Bookmark and Share

Notice: On March 31, it was announced that Statalist is moving from an email list to a forum. The old list will shut down on April 23, and its replacement, statalist.org is already up and running.


[Date Prev][Date Next][Thread Prev][Thread Next][Date Index][Thread Index]

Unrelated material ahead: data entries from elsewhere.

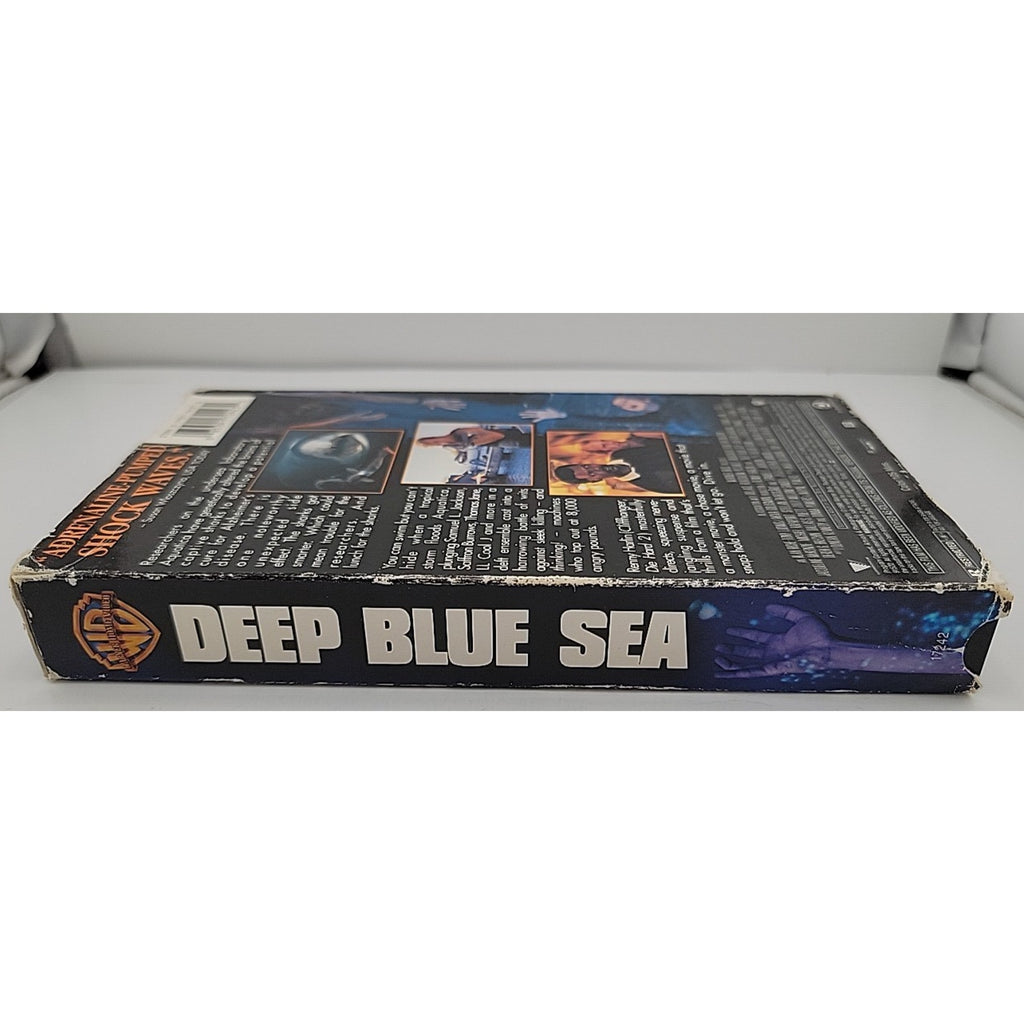Deep Blue Sea (VHS, 1999)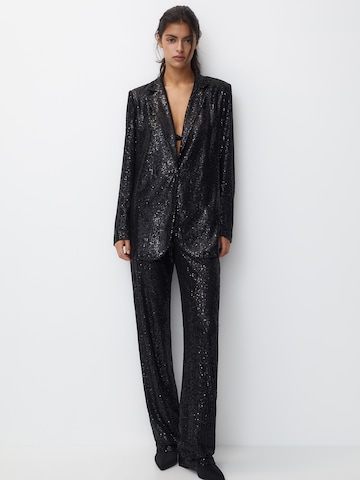 Sacou de la Pull&Bear pe negru
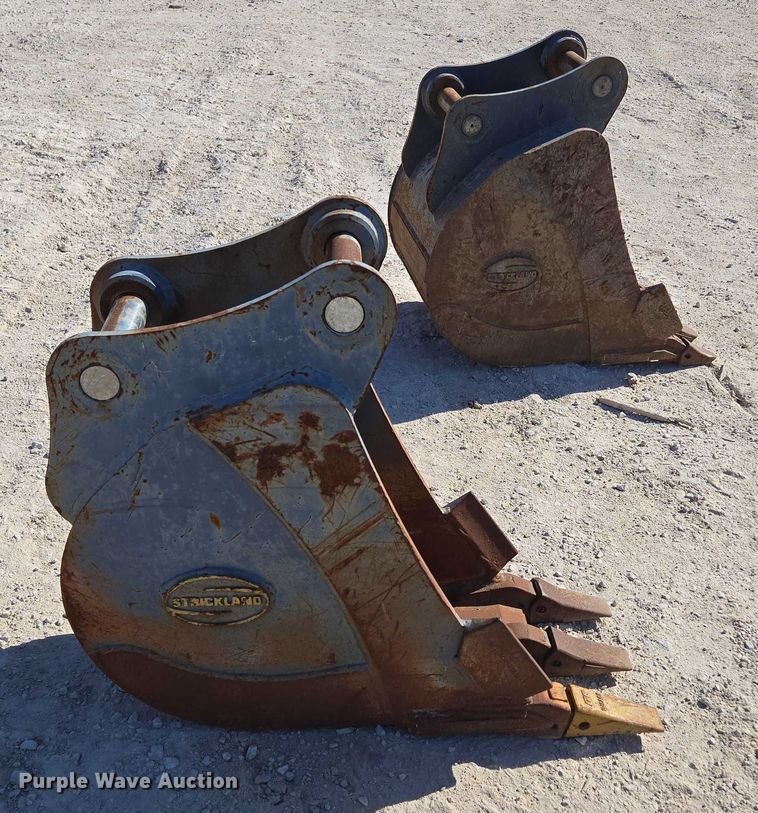 image for item EN2030 (3) excavator buckets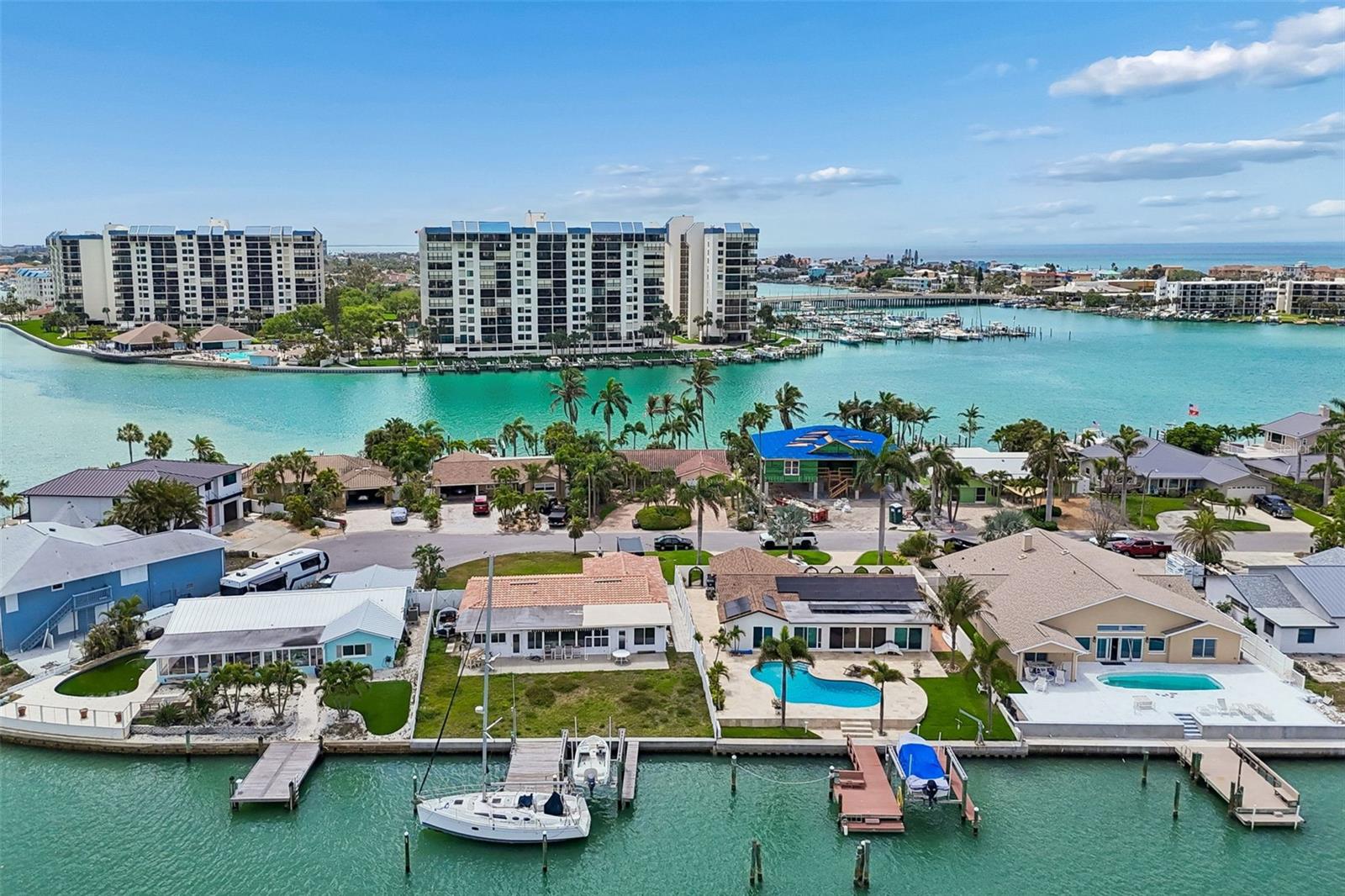 Image 51 of 56 For 15 Bellevue Drive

st: R: qnorm and ttest question


From   <carlo.lazzaro@tiscalinet.it>
To   <statalist@hsphsun2.harvard.edu>
Subject   st: R: qnorm and ttest question
Date   Fri, 3 Feb 2012 10:44:10 +0100

Dear Stata,
Please take a look to Stata Faq #2. Point 3 ("Please note that many members
are less inclined to answer anonymous emails, sometimes to the point of
ignoring them on principle".)
As far as your query is concerned, I agree with David Hoaglin that with
20,000 observations you should not come across any probems with t-test.
However, another way may be to calculate a bootstrap p-value (please, see
the code below):
----------------------------code
begins--------------------------------------------
drop _all
set obs 100
g group=1 in 1/50
replace group=2 in 51/100
g worked_hour=(60*runiform())
replace worked_hour=100 in 45/47
by group, sort: swilk worked_hour
replace worked_hour=100 in 95/100
by group, sort: swilk worked_hour
ttest worked_hour, by(group) unequal
return list
scalar t=r(t)
g comb_mean=((r(mu_1)*r(N_1))+(r(mu_2)*r(N_2)))/(r(N_1)+r(N_2))
sum worked_hour if group==1, meanonly
replace worked_hour= worked_hour-r(mean)+comb_mean if group==1
sum worked_hour if group==2, meanonly
replace worked_hour= worked_hour-r(mean)+comb_mean if group==2
bootstrap r(t), reps(10000) nodots strata(group)
saving(C:\Users\user\Desktop\bootstrap.dta, every(1) double replace)
seed(12345) : ttest worked_hour, by(group) unequal
use "C:\Users\user\Desktop\bootstrap.dta", clear
generate indicator = abs(t)>=abs(scalar(t))
summarize indicator, meanonly
display "p_bootstrap = " r(mean)
---------------------------------- Code
ends------------------------------------------------------------------------
-----------------------------

HTH and Kind Regards,
Carlo
-----Messaggio originale-----
Da: owner-statalist@hsphsun2.harvard.edu
[mailto:owner-statalist@hsphsun2.harvard.edu] Per conto di Stata
Inviato: giovedì 2 febbraio 2012 21:10
A: statalist@hsphsun2.harvard.edu
Oggetto: st: qnorm and ttest question

Hello,

I try to see the data for "total worked hour in the past week" is normal
distribution or not. I used qnorm and got a graph which most of dots fall
on/closed to the line but the left side tail is  above the line as
"worked-hour" is always non negative.

what should I say about this distribution?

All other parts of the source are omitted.